- _SOURCE RECORDS_
BEGIN

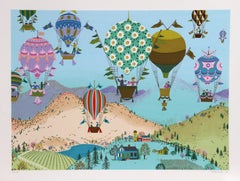 Globos de primavera, serigrafía de arte popular de Jack Hofflander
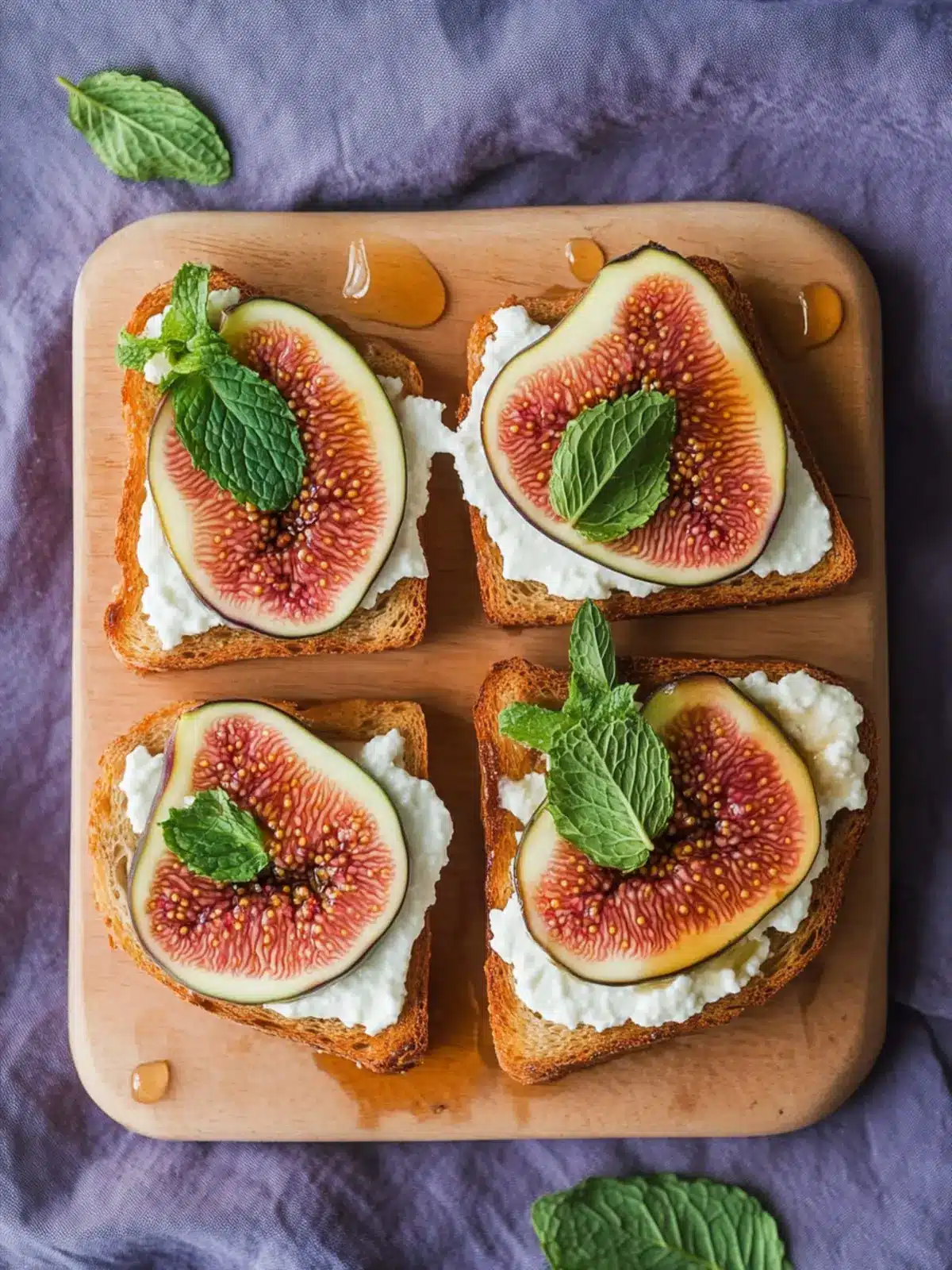 Delicious Fig and Ricotta Toast with Honey and Mint Garnish 3 Fig and Ricotta Toast with Honey and Mint Garnish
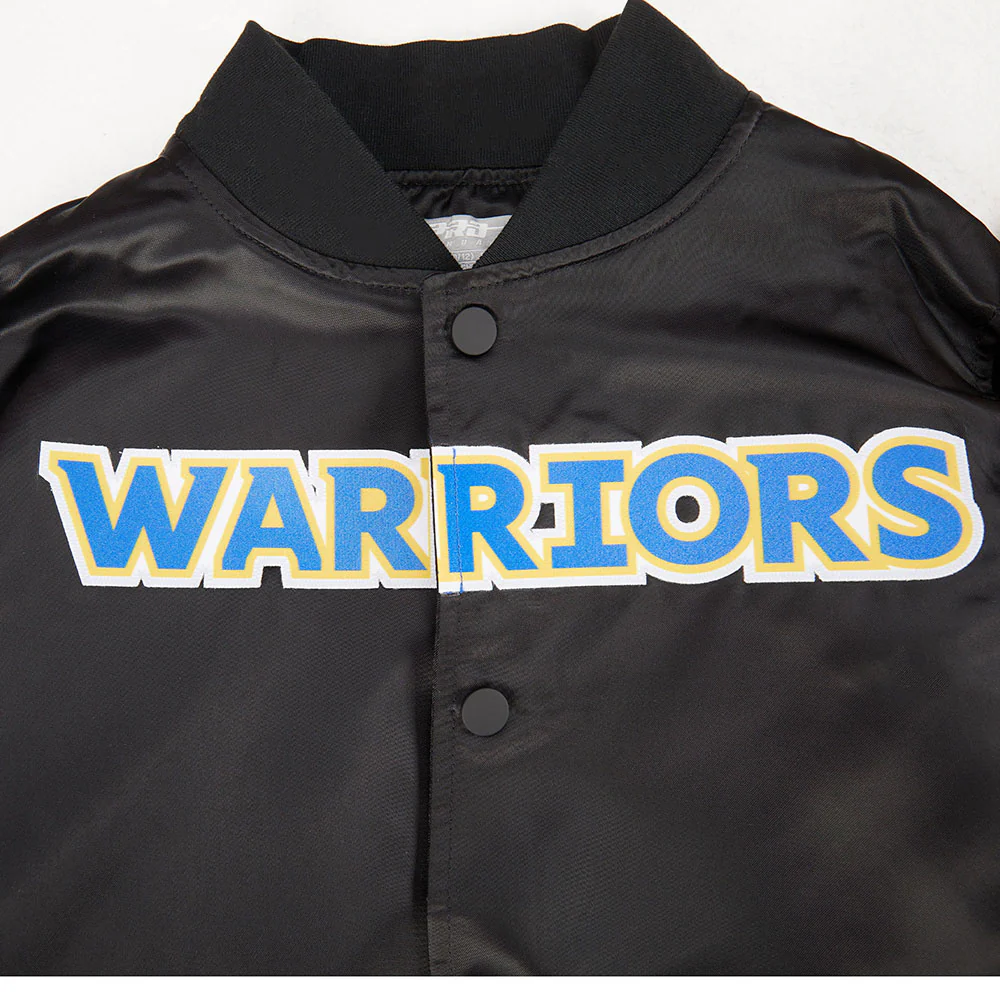 NBA GOLDEN STATE WARRIORS CLASSIC BIG BOYS SATIN JACKET (BLACK) - Image 6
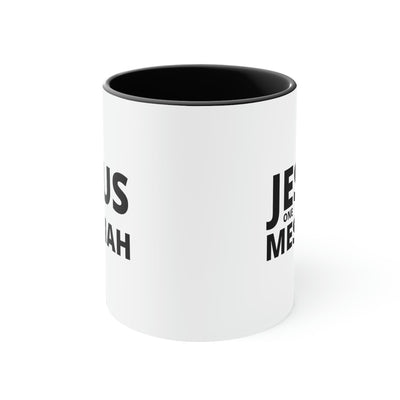 Two-tone Accent Ceramic Mug 11oz Jesus One Messiah Illustration - Decorative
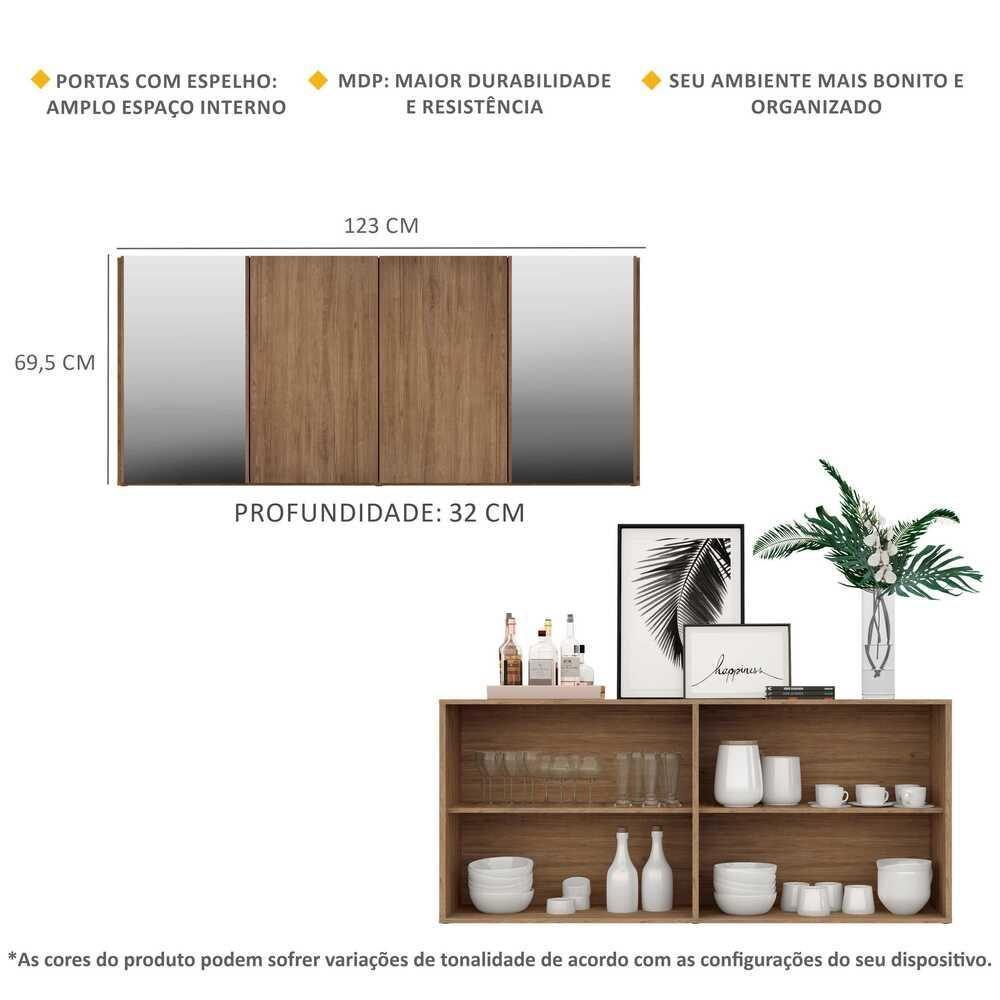 Aparador Buffet com Espelho Vegas Multimóveis Rustic - 3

END

- _WHAT THIS TASK INVOLVES_
Only the text of the listing should be returned, exactly and in full; no image goes into the copy.

- _WRITTEN RESPONSE_
 Globos de primavera, serigrafía de arte popular de Jack Hofflander
 Delicious Fig and Ricotta Toast with Honey and Mint Garnish 3 Fig and Ricotta Toast with Honey and Mint Garnish
 NBA GOLDEN STATE WARRIORS CLASSIC BIG BOYS SATIN JACKET (BLACK) - Image 6
 Two-tone Accent Ceramic Mug 11oz Jesus One Messiah Illustration - Decorative
 Aparador Buffet com Espelho Vegas Multimóveis Rustic - 3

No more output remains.